In your copy, reproduce the entries exactly as they are, minus the images.

----------------

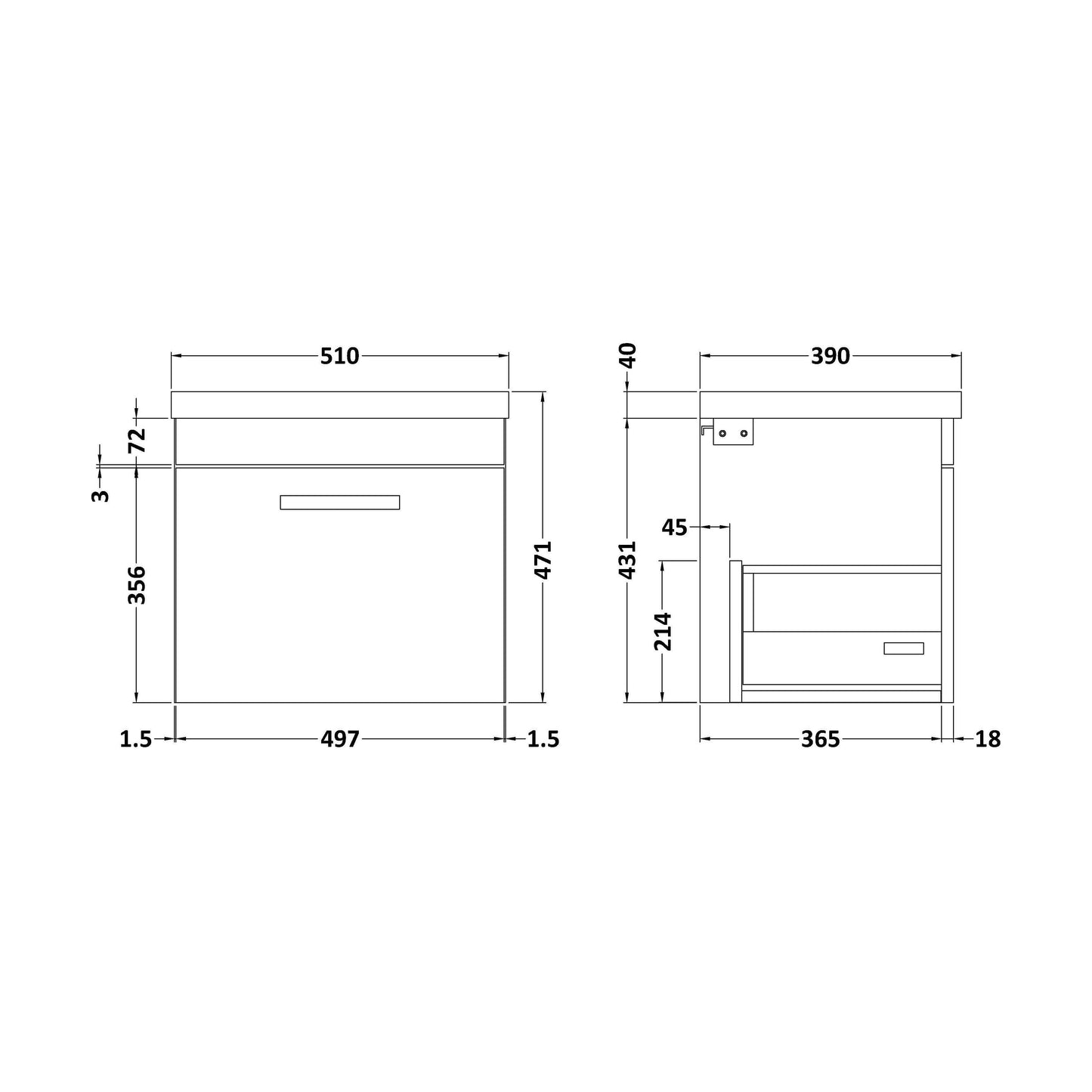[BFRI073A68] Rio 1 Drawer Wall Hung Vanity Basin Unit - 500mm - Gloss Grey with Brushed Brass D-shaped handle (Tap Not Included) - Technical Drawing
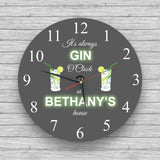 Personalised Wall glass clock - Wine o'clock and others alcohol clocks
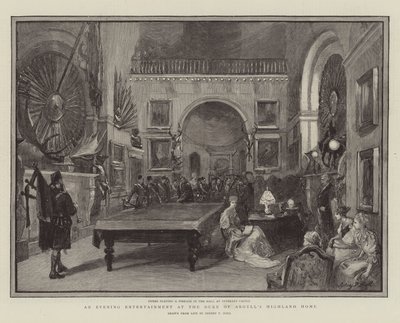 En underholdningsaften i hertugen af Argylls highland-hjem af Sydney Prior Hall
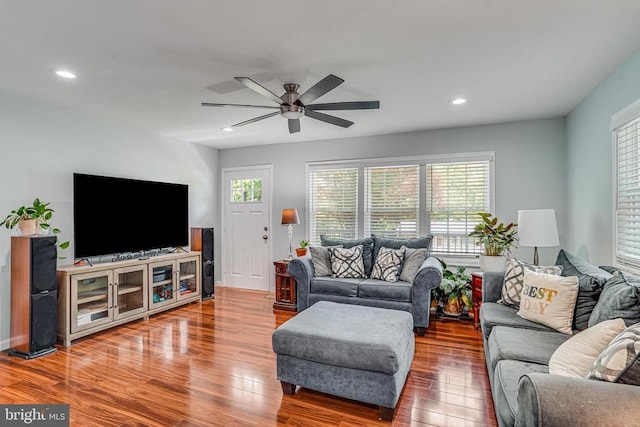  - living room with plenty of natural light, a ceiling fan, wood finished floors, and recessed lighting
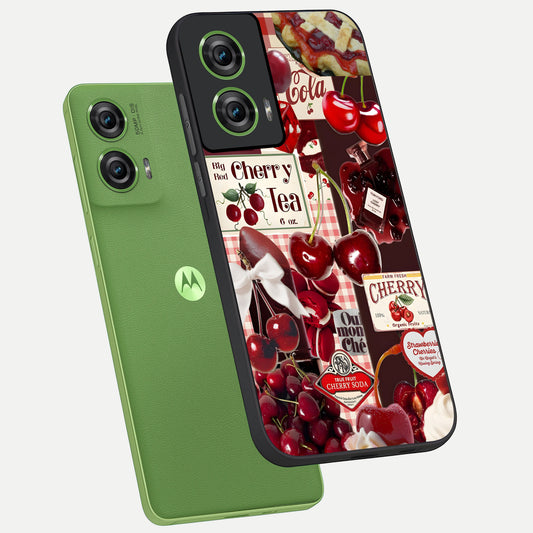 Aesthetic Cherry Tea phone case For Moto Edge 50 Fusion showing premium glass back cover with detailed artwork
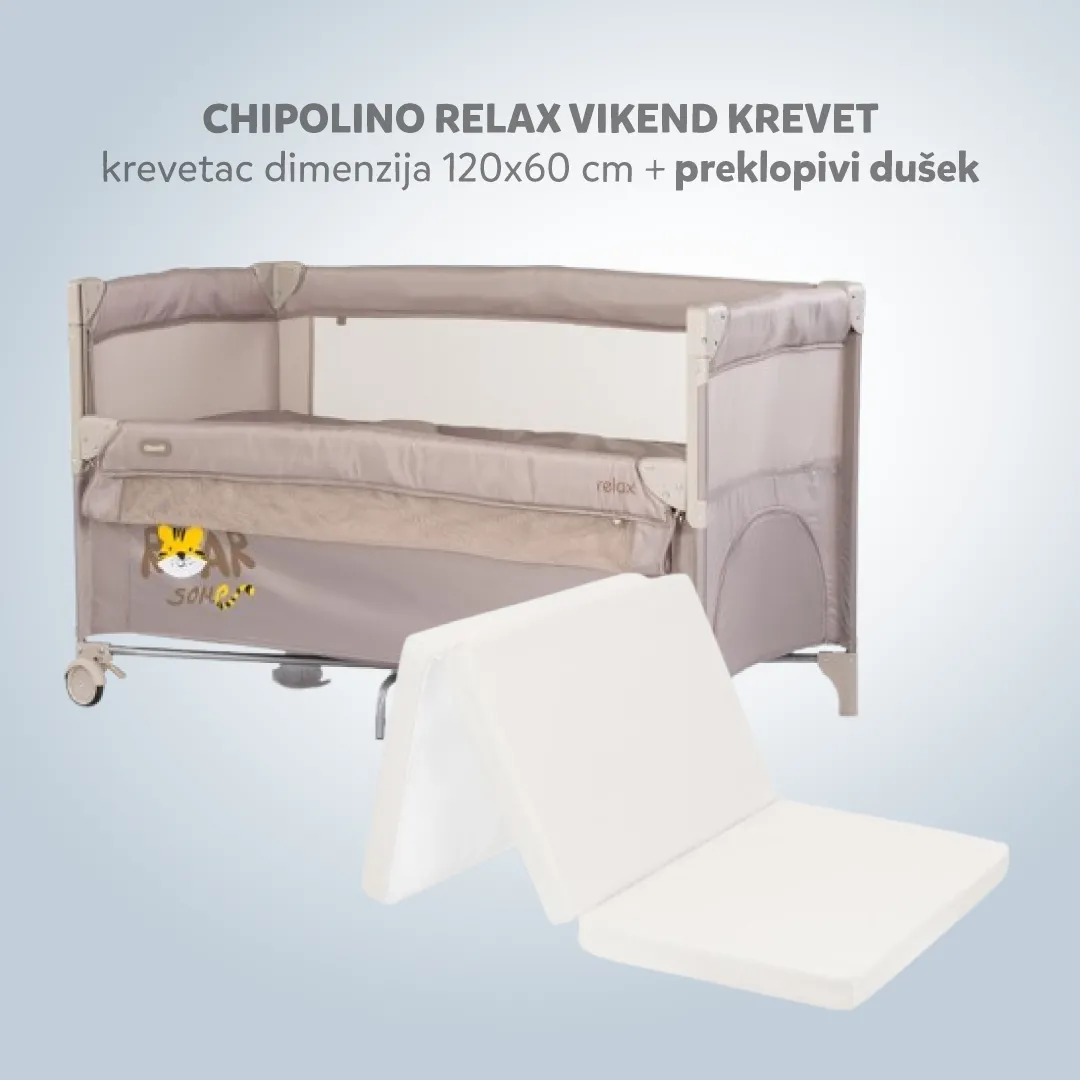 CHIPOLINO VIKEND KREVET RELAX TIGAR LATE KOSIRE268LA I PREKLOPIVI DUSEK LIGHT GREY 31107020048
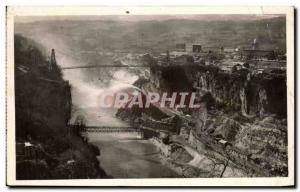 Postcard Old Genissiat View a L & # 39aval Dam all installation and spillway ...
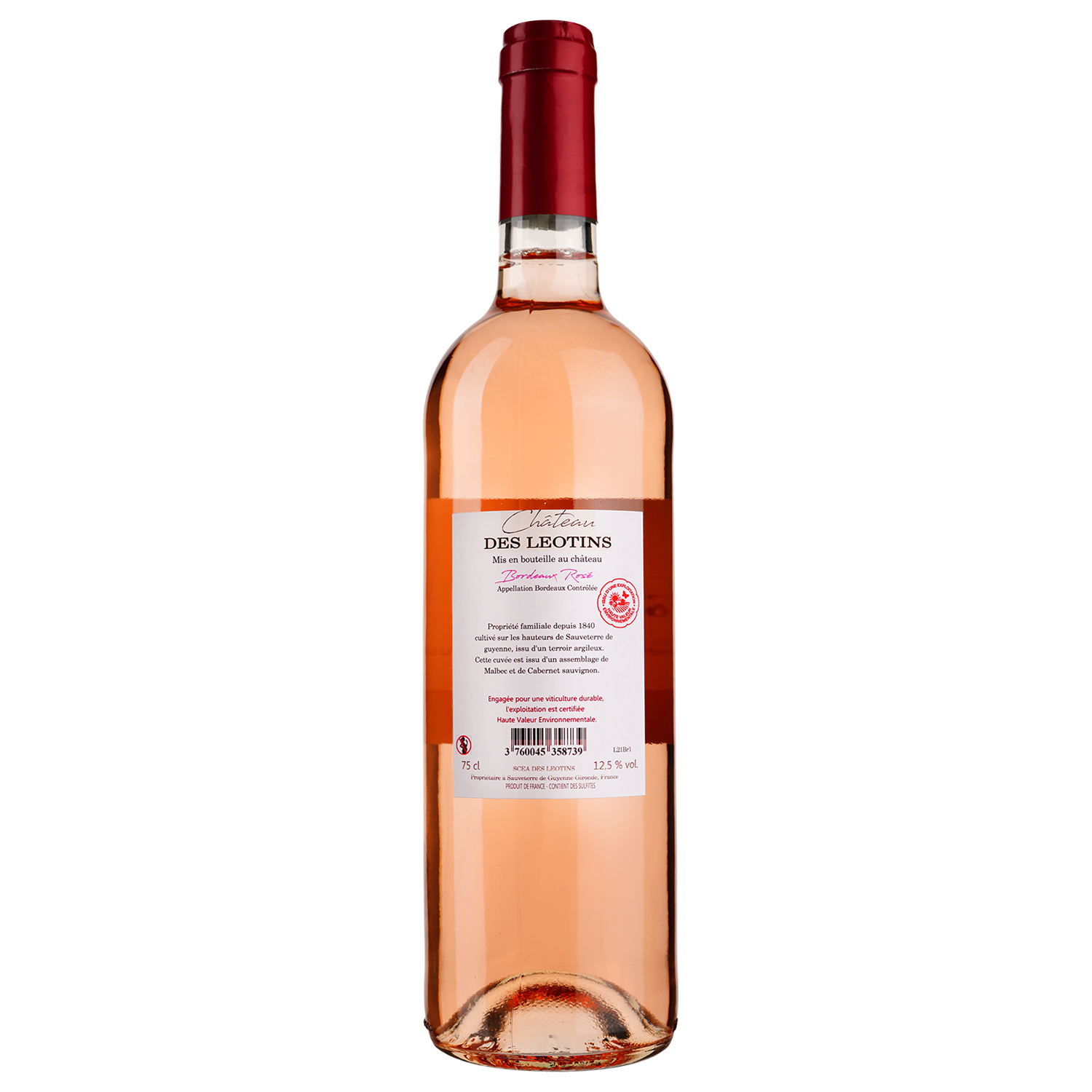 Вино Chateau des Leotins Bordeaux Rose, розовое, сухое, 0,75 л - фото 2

----------------

• **Reply**
[BFRI073A68] Rio 1 Drawer Wall Hung Vanity Basin Unit - 500mm - Gloss Grey with Brushed Brass D-shaped handle (Tap Not Included) - Technical Drawing
 Personalised Wall glass clock - Wine o'clock and others alcohol clocks
 En underholdningsaften i hertugen af Argylls highland-hjem af Sydney Prior Hall
  - living room with plenty of natural light, a ceiling fan, wood finished floors, and recessed lighting
 Aesthetic Cherry Tea phone case For Moto Edge 50 Fusion showing premium glass back cover with detailed artwork
 CHIPOLINO VIKEND KREVET RELAX TIGAR LATE KOSIRE268LA I PREKLOPIVI DUSEK LIGHT GREY 31107020048
 Postcard Old Genissiat View a L & # 39aval Dam all installation and spillway ...
 Вино Chateau des Leotins Bordeaux Rose, розовое, сухое, 0,75 л - фото 2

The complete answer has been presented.